Measuring Influence – My Algorithm

Over the weekend I had some great dialog with some Twitter folks (@peoplefw, @TedRubin)  about the value of Klout, Kred, etc. Spawning from my previous post about “Rewarding Influential Customers” the discussion quickly became one of the value of such applications and are they really accurate. I spent some time thinking about an algorithm that “could” suffice for establishing true influence.

In my simple mind the concept of sharing should not even be in the equation of an influence score. Anyone can “share” something. Real influence is how many people read it, “liked it”, commented on it, and re-shared it. And that’s where I think the focus should be.

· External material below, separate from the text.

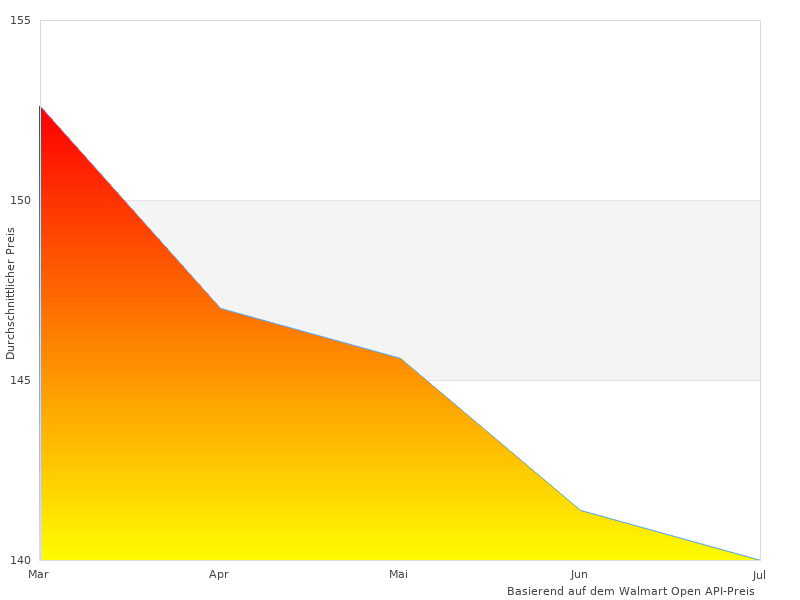Neewer Erweiterte hier am Werk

Influence also changes over time, so having the algorithm time boxed is key. You may be influential today but not tomorrow. So from the aspect of “sharing” you must at least share something to get an influence score – so “sharing” does have an impact.  What won’t have an impact is the number of times you share.

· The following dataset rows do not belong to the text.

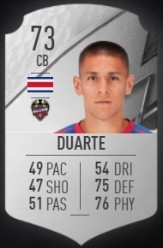 Oscar Duarte en FIFA 22 (Foto: Futbin)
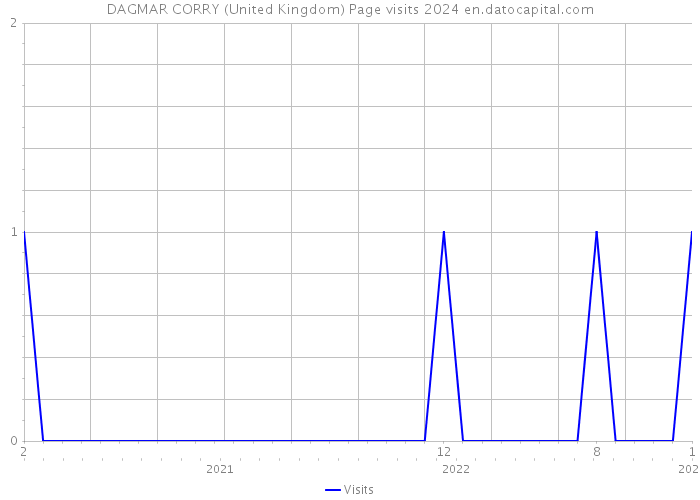 DAGMAR CORRY (United Kingdom) Page visits 2024 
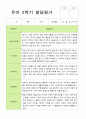2학기 유아 관찰일지와 발달평가와 상담일지  만 3세 20명 - 평가제 33페이지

The points would be calculated in a tree model based on likes, shares, and comments. Let’s keep it simple and have a similar scale as Klout, 0-100 points total. The points would only really be calculated on the “best” share you did. So if you had a share that was re-tweeted 200 and another re-tweeted 2 times you get credit for only the most shared content and you don’t “add” the two together.

The same scoring could be used for Facebook, LinkedIn, Google+, Pinterest, Instagram, etc. As you can see you would have to have thousands, if not millions of shares to achieve a score of 100. Most of us, people like me, would be happy with a score of 10.

My scoring system would be based on a point system for different periods, 30, 60, 90 day periods. In the graphic below you can see this persons influence has diminished in the past 90 days. Could be lack of sharing or lack of sustained influence.

The problem with this scoring system is the system would need access into a persons account and all of their children accounts and their children accounts down the line. This is what makes a true scoring system almost impossible due to the OAuth 2.0 model and access into the child accounts data.

Now, if all of these social networks subscribed to this service it could work. The systems could then show your global “influence score” on your profile page and the score would not come from another site. Don’t be surprised if the big boys come out with their own influence score in the future. Getting them all to buy into this is most likely impossible.

This scoring system is only a few hours worth of thinking and probably has many holes in it. I would be interested in hearing your opinions about influence scores in general or if you have your own idea of scoring. Maybe this would be a great open source project – OpenInfluence!